The stoppage triggered a chain reaction across the city’s emergency response system. The San Francisco Emergency Medical Service Agency found out about UC Health’s decision to suspend on the day it went into effect — and learned of its reversal with just as little notice.

“As pediatric burn care is very specialized and limited in scale, with the two closest centers in Sacramento and San Jose, the San Francisco EMS Agency immediately notified local EMS agencies, ambulance providers, hospital, and dispatch partners throughout the region using emergency messaging systems,” a spokesperson for the agency told The Standard by email.

Instead of sending patients directly to the isolation unit at Bothin, burned children were routed to Zuckerberg San Francisco General Hospital for initial stabilization before being transported outside the city for specialized care.

Burn units are increasingly few and far between — especially those that focus on children.
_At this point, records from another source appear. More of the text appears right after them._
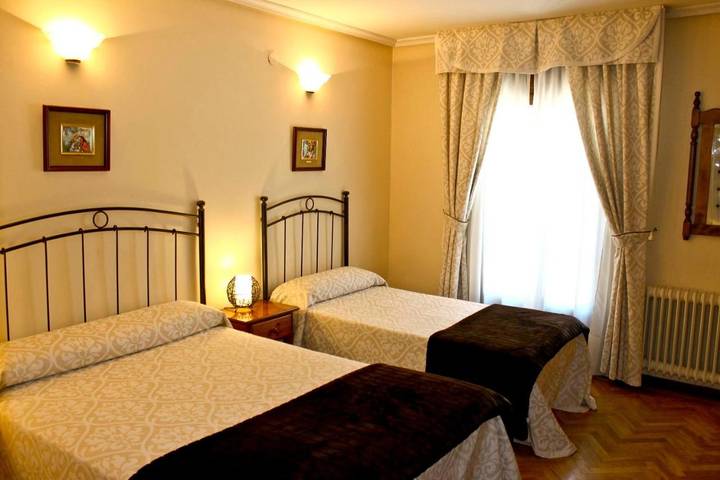 Casa de huéspuedes para 2 personas, con Balcón en Ávila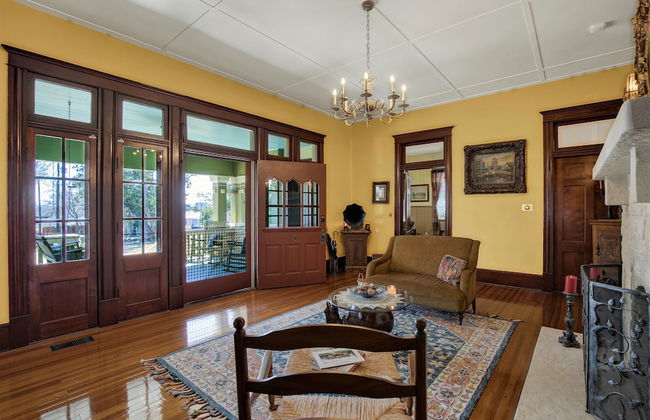 Beautiful and Unique Home With Fireplace and Pool! - Photo 17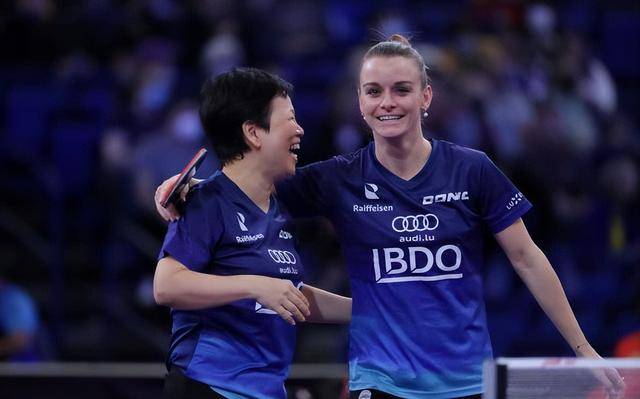 乒乓球总决赛:女双4强出炉!陈梦会师孙颖莎,世界第一爆冷输球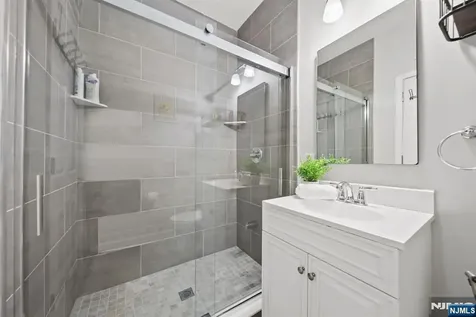 129 Truman Drive Wood Ridge NJ 07075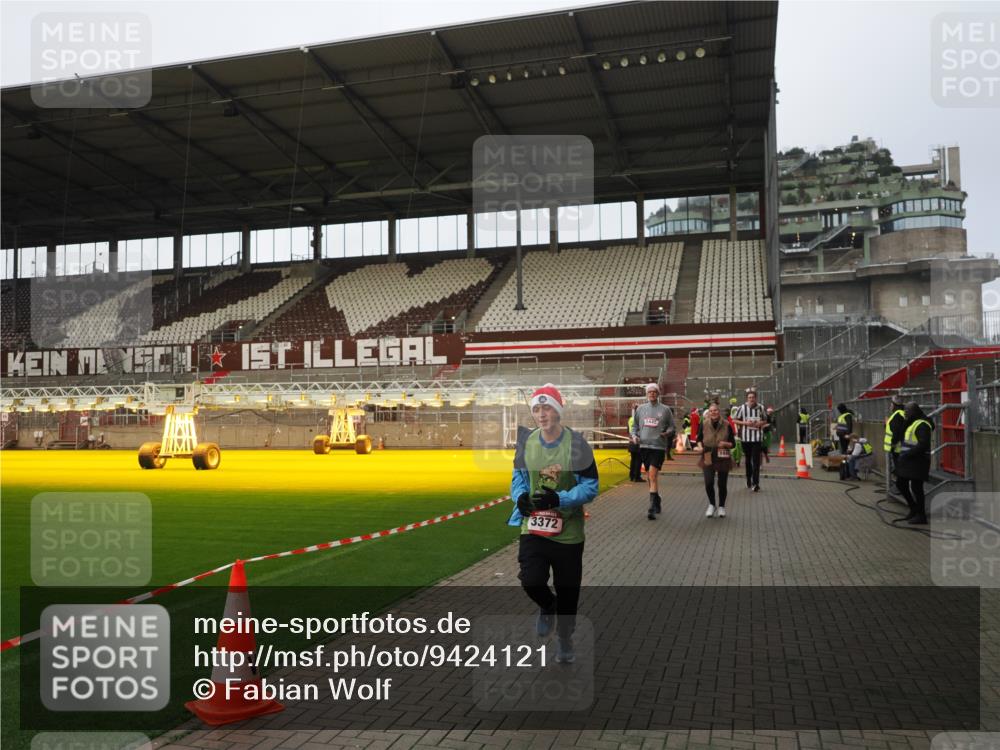 07.12.2025 - St. Pauli X-Mass-Run No. 15 Fabian Wolf http://msf.ph/oto/9424121 07.12.2025 12:05:06 Ziel 1304, 1444, 1445, 1446, 3175, 3176, 3268, 3273, 3279, 3372, 3487, 3569, 3577, 4329 meine-sportfotos.de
According to the American Burn Association, which compiles data from voluntary reporting by hospitals, the number of centers has dropped from more than 130 in 2004 to fewer than 100; the number of pediatric units is about a few dozen.

Because of lengthy hospital stays for many burn victims, the centers are expensive to run. “For every 1% of your body that’s burned, you stay in the hospital for one or more days,” Sheckter explained. “So if 70% of a patient’s body is burned, he’ll be in the hospital for 70 to 110 days. And that’s ICU-level care. … A big burn is going to require 20 to 25 operations, and those come with a lot of costs.”
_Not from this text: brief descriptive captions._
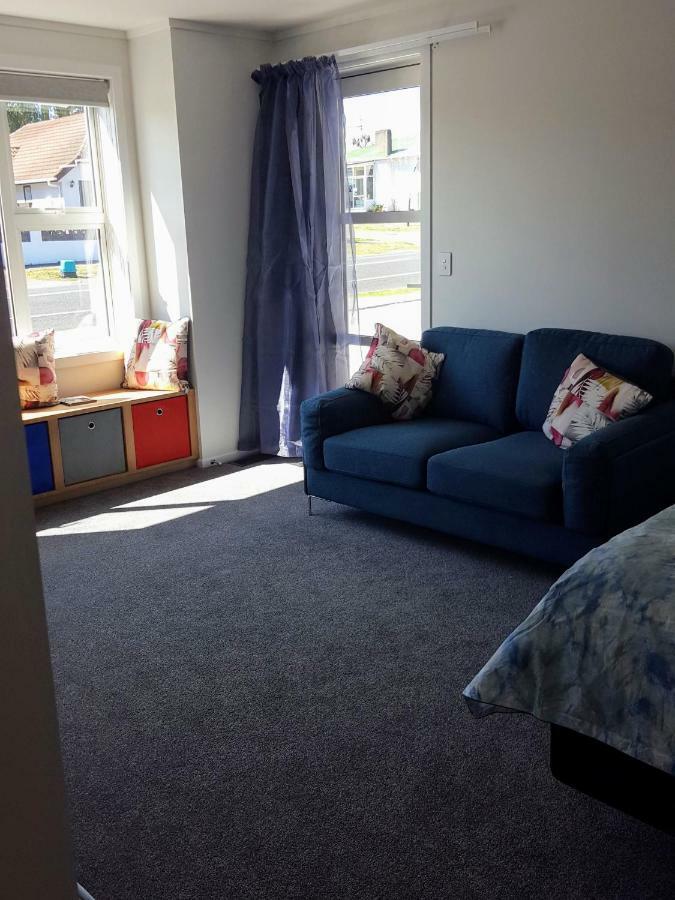 Готель Taupo Pearl Екстер'єр фото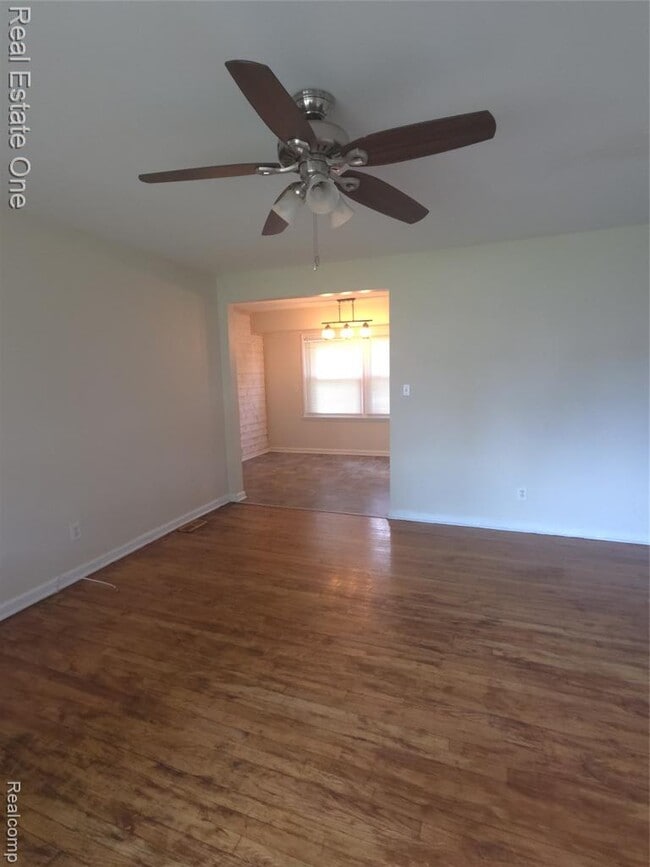 Photo - 23654 Whitley Dr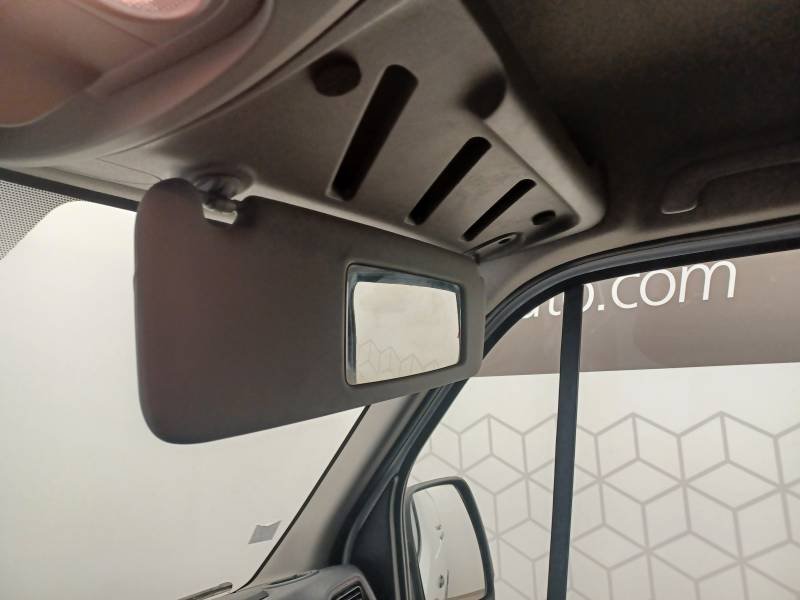 Nissan NV400 - Photo 34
The San Francisco Health Commission passed a resolution last year affirming that UCSF Health’s purchase of the city’s two oldest hospitals wouldn’t have a detrimental impact as long as it kept its promise to maintain services and staffing.

That same resolution calls for UCSF Health to come before the commission every six months through 2027 to keep the city apprised of how the acquisition is affecting patients. Officials are expected to address the pause in pediatric services at the burn center at an upcoming public hearing. 

The attorney general declined to comment on the legality of the lapse.

“UCSF Health has confirmed that services are back online,” a spokesperson for Bonta’s office said. “Beyond that, we are unable to comment on, even to confirm or deny, a potential or ongoing investigation.”